[Short web captions]
——

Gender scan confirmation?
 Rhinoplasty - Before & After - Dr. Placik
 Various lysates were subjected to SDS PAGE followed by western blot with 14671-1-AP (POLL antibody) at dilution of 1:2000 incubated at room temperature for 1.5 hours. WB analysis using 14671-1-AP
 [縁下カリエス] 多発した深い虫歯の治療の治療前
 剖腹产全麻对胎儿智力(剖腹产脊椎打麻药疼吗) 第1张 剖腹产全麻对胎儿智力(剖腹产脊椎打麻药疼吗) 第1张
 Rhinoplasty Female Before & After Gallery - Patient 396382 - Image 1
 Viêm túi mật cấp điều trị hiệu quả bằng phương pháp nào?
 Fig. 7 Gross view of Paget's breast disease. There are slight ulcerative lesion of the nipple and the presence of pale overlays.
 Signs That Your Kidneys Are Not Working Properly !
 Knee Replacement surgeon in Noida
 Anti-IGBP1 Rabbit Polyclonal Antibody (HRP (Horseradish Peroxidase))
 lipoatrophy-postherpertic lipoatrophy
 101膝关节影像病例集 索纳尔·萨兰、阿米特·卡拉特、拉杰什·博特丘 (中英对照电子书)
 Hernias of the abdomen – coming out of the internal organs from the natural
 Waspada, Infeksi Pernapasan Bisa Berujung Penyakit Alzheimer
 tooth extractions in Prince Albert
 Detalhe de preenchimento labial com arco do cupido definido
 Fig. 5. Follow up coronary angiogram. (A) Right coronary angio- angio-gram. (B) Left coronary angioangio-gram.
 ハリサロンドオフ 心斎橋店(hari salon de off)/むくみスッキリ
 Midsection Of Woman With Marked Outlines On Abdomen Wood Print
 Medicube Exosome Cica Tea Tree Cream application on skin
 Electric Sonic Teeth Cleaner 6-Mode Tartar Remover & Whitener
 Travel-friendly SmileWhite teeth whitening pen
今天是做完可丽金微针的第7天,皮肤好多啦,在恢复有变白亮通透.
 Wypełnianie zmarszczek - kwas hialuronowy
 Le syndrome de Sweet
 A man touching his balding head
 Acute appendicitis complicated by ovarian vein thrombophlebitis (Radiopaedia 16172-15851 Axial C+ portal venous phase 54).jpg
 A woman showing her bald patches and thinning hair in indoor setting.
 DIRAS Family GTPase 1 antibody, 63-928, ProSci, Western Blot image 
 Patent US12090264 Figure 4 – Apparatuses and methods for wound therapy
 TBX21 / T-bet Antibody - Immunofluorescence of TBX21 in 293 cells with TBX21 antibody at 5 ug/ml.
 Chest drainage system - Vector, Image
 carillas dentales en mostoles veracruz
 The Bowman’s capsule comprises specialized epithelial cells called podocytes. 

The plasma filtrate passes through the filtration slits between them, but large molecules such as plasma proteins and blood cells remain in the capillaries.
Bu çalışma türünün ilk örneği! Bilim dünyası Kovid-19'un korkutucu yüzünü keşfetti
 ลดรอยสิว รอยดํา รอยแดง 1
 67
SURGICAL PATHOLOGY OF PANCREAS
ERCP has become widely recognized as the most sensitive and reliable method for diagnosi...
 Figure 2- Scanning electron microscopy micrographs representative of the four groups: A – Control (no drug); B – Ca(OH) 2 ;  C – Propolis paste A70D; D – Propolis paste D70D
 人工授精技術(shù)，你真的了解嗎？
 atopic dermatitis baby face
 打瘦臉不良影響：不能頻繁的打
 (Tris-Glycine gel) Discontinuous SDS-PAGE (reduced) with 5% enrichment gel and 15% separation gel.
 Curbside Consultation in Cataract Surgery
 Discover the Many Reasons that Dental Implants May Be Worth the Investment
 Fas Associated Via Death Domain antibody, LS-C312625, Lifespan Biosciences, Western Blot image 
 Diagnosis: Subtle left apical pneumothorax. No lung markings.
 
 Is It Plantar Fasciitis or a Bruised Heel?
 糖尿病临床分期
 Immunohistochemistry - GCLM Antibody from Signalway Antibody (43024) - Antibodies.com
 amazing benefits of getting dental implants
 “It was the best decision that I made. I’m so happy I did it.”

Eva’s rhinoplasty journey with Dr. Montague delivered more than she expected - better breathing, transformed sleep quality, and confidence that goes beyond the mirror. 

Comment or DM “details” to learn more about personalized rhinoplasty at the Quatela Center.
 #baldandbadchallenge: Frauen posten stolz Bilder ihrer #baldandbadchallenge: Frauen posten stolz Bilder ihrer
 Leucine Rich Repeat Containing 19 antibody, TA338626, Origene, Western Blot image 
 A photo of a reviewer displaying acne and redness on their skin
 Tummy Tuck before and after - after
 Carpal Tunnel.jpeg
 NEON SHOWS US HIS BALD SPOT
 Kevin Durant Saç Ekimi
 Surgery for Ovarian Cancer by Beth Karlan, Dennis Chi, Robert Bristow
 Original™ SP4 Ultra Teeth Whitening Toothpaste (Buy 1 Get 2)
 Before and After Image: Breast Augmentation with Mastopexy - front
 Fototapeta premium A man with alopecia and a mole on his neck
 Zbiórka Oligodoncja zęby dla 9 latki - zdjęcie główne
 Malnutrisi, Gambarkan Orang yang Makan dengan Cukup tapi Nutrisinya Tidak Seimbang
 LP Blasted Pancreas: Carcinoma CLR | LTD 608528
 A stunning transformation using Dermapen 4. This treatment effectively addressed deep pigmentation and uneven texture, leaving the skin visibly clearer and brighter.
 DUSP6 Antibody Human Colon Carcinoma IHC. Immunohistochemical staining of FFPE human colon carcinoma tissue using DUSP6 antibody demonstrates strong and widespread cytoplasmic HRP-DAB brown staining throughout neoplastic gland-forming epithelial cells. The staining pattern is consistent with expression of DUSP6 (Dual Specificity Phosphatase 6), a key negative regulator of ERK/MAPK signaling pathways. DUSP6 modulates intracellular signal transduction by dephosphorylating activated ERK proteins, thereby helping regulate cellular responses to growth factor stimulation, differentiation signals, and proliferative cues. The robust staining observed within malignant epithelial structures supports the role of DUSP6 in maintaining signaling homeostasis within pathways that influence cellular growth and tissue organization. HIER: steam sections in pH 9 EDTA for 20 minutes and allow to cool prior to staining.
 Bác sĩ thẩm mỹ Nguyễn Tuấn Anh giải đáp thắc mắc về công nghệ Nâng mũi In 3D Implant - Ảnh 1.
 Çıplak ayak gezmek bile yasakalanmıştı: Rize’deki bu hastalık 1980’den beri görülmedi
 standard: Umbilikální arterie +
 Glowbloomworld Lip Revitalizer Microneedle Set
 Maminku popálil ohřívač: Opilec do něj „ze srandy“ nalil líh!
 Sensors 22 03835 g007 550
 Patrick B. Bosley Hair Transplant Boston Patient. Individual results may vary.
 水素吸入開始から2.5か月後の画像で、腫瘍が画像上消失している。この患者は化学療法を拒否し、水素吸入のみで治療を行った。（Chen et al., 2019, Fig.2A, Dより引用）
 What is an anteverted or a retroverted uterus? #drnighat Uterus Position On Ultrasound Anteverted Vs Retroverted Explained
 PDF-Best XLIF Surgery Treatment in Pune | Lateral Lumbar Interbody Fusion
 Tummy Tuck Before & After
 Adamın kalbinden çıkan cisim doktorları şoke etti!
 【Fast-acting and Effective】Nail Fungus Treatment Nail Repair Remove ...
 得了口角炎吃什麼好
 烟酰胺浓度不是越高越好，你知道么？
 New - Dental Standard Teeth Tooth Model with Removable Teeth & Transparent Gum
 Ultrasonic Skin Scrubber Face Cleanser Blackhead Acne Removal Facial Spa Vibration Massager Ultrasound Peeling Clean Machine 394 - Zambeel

——

> _Your objective_
In the entries above, please find the line with "Maminku popálil ohřívač: Opilec" and the line with "What is an anteverted", then write out exactly those two lines and every line between them, and nothing more.

> _Task answer_
 Maminku popálil ohřívač: Opilec do něj „ze srandy“ nalil líh!
 Sensors 22 03835 g007 550
 Patrick B. Bosley Hair Transplant Boston Patient. Individual results may vary.
 水素吸入開始から2.5か月後の画像で、腫瘍が画像上消失している。この患者は化学療法を拒否し、水素吸入のみで治療を行った。（Chen et al., 2019, Fig.2A, Dより引用）
 What is an anteverted or a retroverted uterus? #drnighat Uterus Position On Ultrasound Anteverted Vs Retroverted Explained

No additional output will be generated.